One company that did reply was Johnson & Johnson. They confirmed that their ad did run in the country that I viewed the segment in, but denied that it had run in Russia itself. That was indeed the case. They declined to respond to my questions about whether they are cutting back on their TV advertising in Russia at all or otherwise re-examining their TV advertising policies with respects to Russia.
So what’s the harm here? One of Putin’s rich associates and Putin’s other hanger-ons get a steady source of income with ad dollars generated with the brand image of American companies. Putin’s associates have another source of reliable income besides oil. So what?
As anyone who follows Russia knows, Putin is positively obsessed with what Russians see on television. Early on in his reign he installed his most trusted cronies like Kovalchuk in positions of leadership at previously independent television networks in order to be able to shape what the Russian public knows.
Even with the advent of the Internet, television is still most Russians’ prime source of information, especially in the countryside. Certainly it’s not all propaganda—most television programming in Russia doesn’t involve anything remotely political. Indeed, American culture both good and bad can be found on various television stations.
Nevertheless, television is still the tool the Putin regime uses to “whip-up the base,” which in this case means pensioners, lower-class workers, poorly educated people, and country folk. They’re inclined to believe most anything about the enemy of the month be it Americans, Ukrainian, gay people, the West in general, or now Turks.
Furthermore, Russian television isn’t just watched in Russia. In many neighboring countries, Russian television is still the primary source of news and entertainment. So, the propaganda campaigns extend beyond Russia’s borders. At a time when tensions are already running high, channels such as REN-TV are openly stirring the pot and keeping things tense, thereby increasing the risk of a conflict.

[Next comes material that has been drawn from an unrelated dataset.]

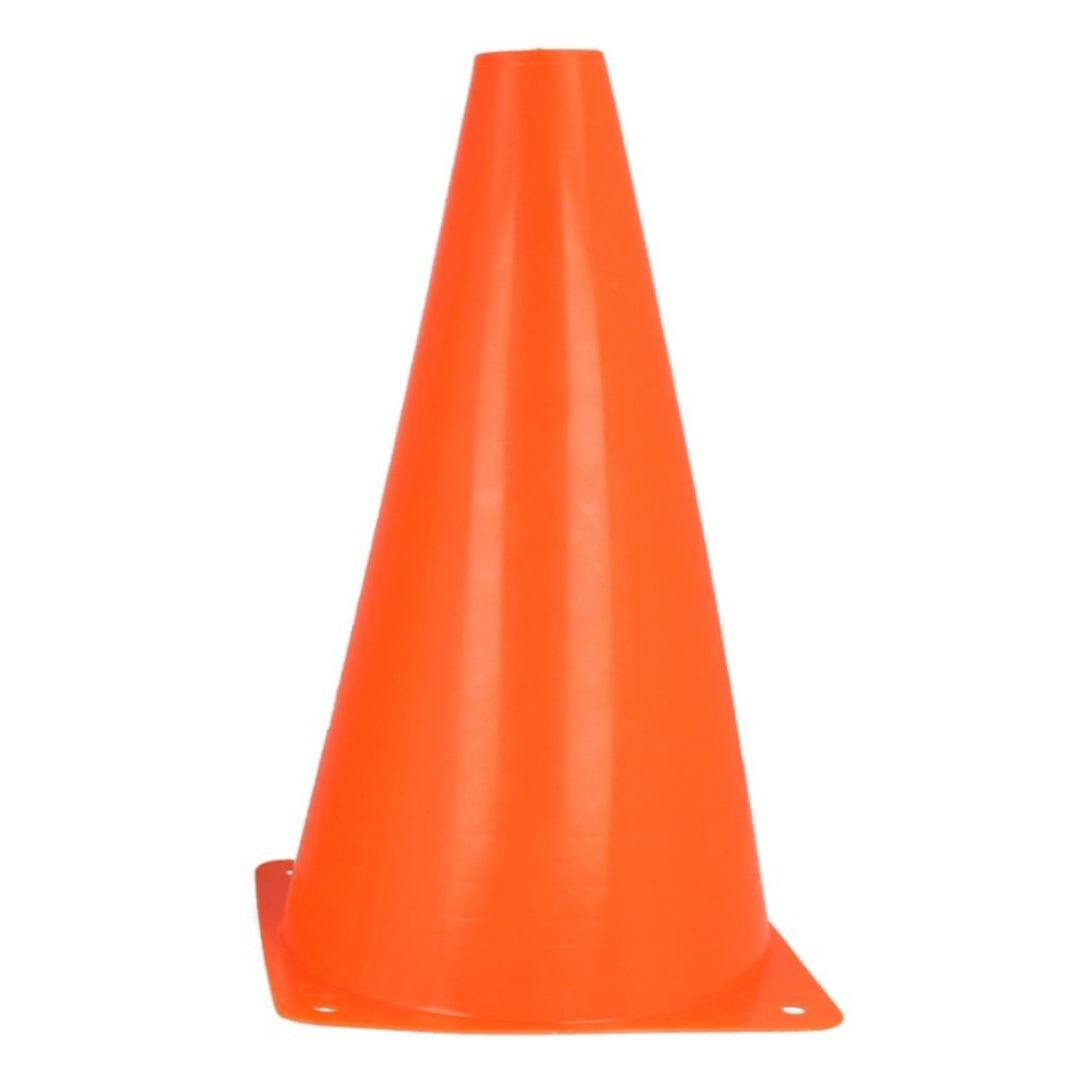 Cono para entrenamiento 23cm. Naranja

The dilemma has not gone completely unnoticed by the companies in questions. Kraft foods has removed advertisements for its products from Russian TV. Procter & Gamble is reportedly now only advertising products that it sells only in Russia on television, such as Mif laundry detergent. Those products would not generally be recognizable as Procter & Gamble products to any Americans who happen to be watching Russian television.

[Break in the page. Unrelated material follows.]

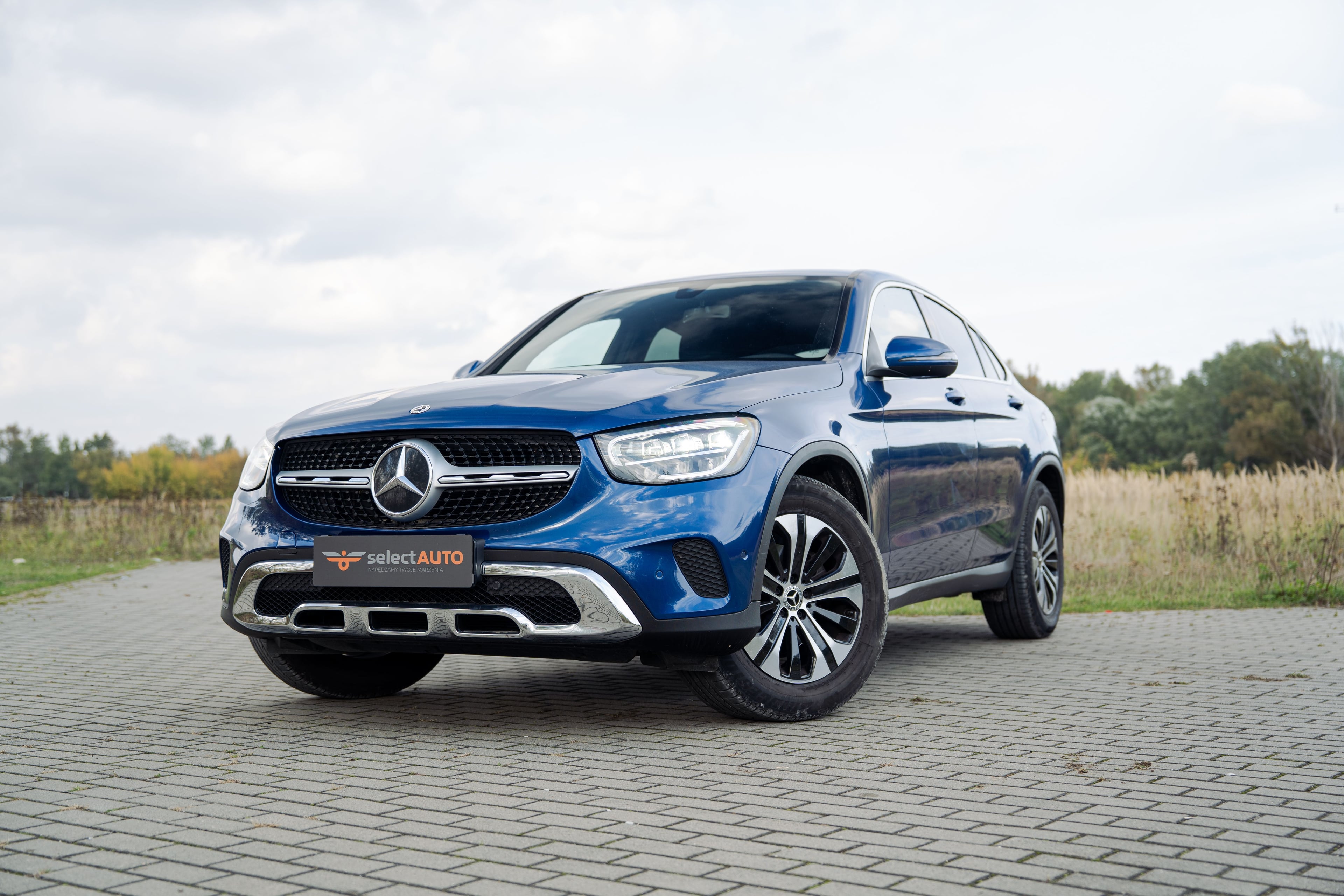 Mercedes-Benz GLC zdjęcie 1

A Russian executive who did not wish to be identified for this piece resigned from one iconic American company in part because he was uncomfortable with the tenor of the programs his firm was advertising on. In December, Rossiya 24 carried a nationalistic “documentary” called Myroporyadok (“World Order”) that had only advertisements from Russian companies with the sole exception of Nestle.

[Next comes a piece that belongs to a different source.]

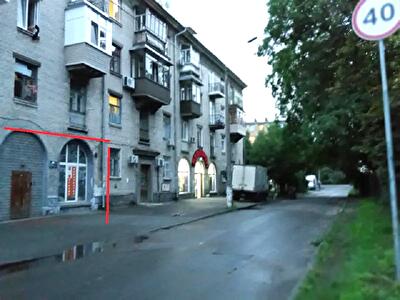 Київ, Сокальська вул., 4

There has been much discussion in Washington about how best to counter the Kremlin’s propaganda efforts. Much of the debate has focused on increasing funding to counter it through Voice of America and Radio Liberty/Radio Free Europe. There has also been talk of trying to ban the ineffectual RT (formerly Russia Today) television network in the U.S., which is constitutionally dubious and would do nothing to affect Russian public opinion.
There has been no discussion at all surrounding the ad dollars that American and European companies pour into the Russian media that in turn makes the propaganda campaign possible in the first place.
Without those ad dollars it would be difficult for Russian media to function. Nor has there been any examination of media business deals. Perhaps it is time to examine whether the sanctions regime should be strengthened to shut off the Western advertising money spigot for the Kremlin propaganda machine provided advertisers themselves don’t do it first.